TO DO: Starting from the line with "Pleksi /plexi Pleksa" and going up to and including the line with "Black plastic chain", copy the listing below exactly. Leave all images out.

MATERIAL SHOWN:
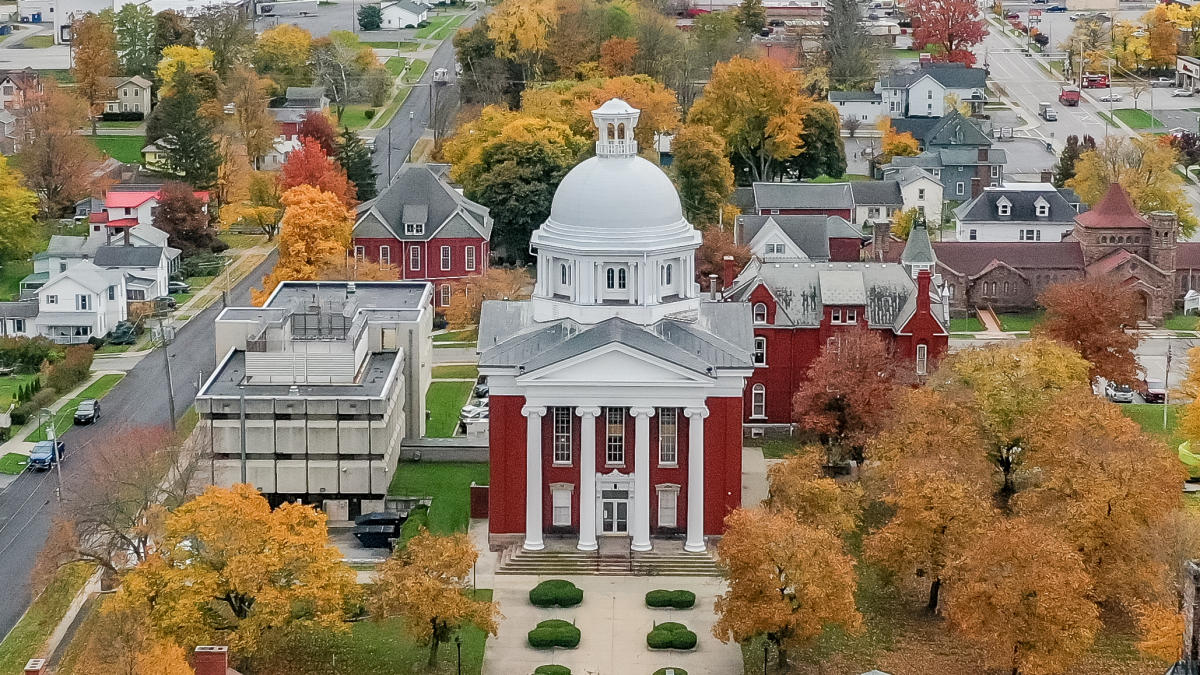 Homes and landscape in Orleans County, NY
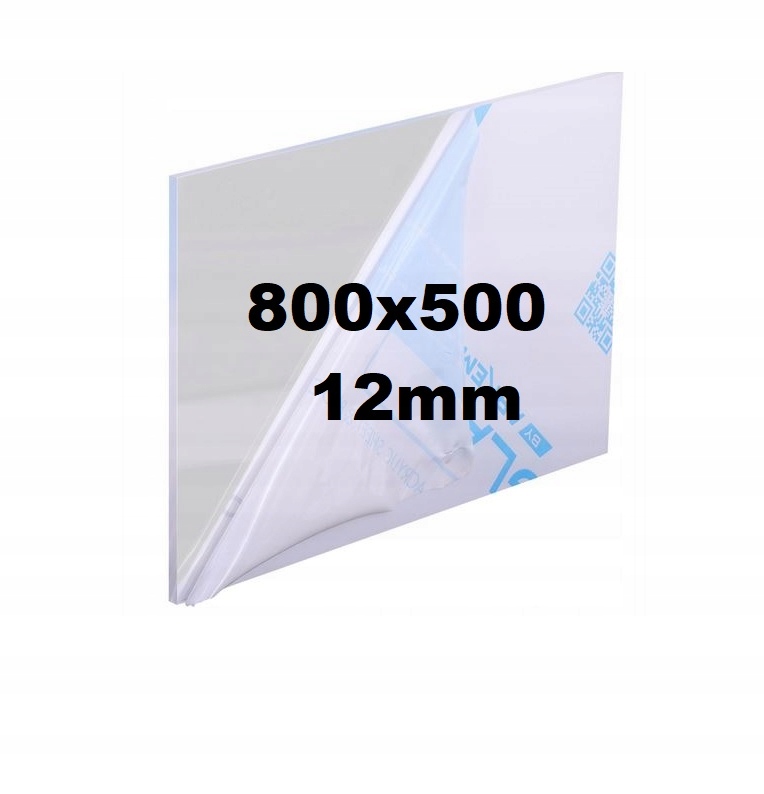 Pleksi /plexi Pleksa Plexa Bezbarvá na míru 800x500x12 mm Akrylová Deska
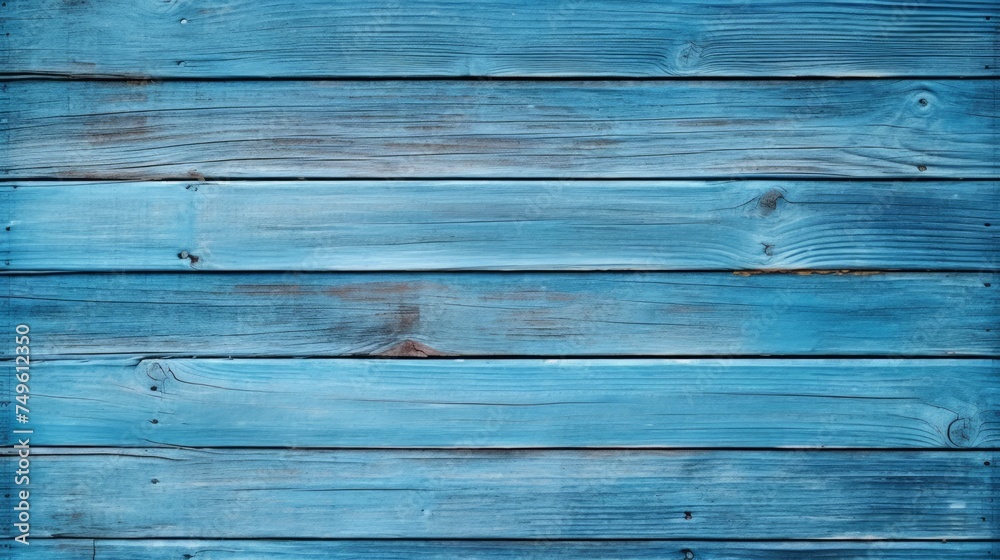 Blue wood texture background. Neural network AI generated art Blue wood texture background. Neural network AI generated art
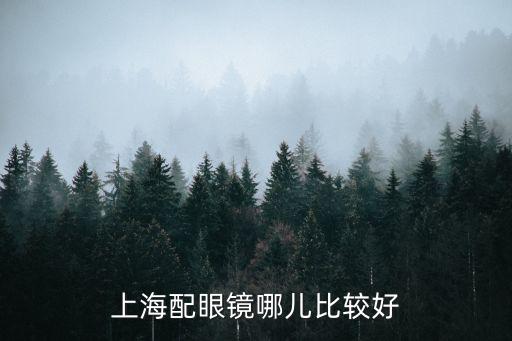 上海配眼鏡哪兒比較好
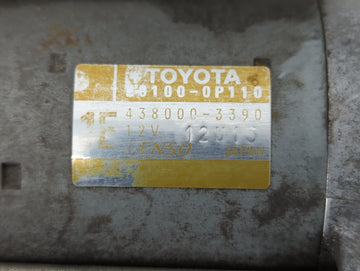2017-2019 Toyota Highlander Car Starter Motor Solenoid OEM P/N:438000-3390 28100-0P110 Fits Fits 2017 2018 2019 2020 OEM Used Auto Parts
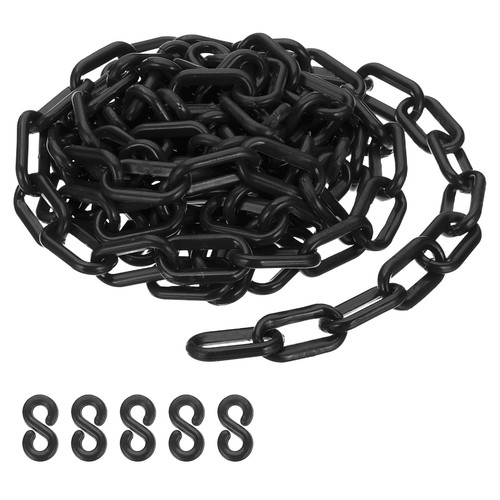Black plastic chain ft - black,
...
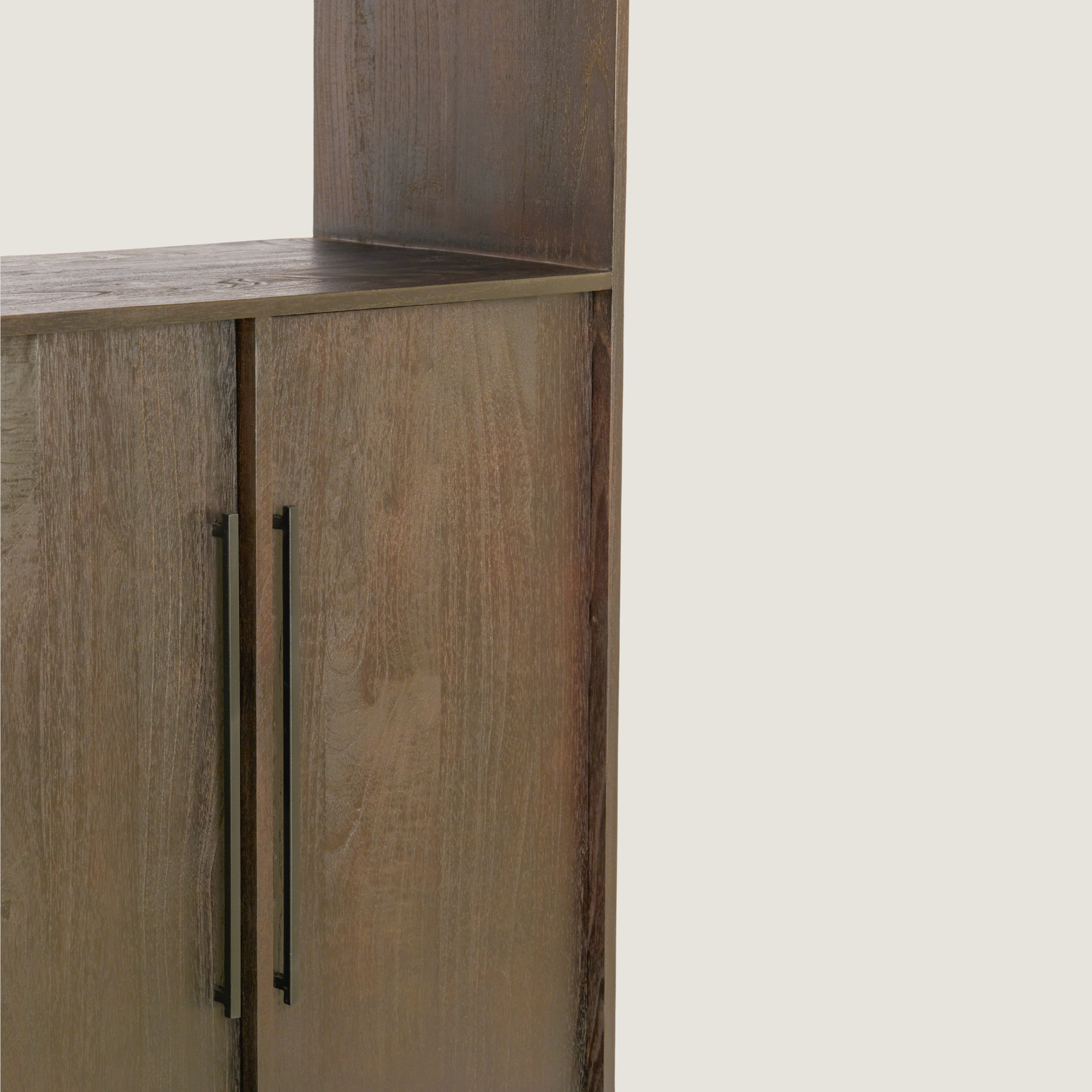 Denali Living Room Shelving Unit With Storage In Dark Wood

OUTPUT FOR THIS TASK:
 Pleksi /plexi Pleksa Plexa Bezbarvá na míru 800x500x12 mm Akrylová Deska
 Blue wood texture background. Neural network AI generated art Blue wood texture background. Neural network AI generated art
 上海配眼鏡哪兒比較好
2017-2019 Toyota Highlander Car Starter Motor Solenoid OEM P/N:438000-3390 28100-0P110 Fits Fits 2017 2018 2019 2020 OEM Used Auto Parts
Black plastic chain ft - black,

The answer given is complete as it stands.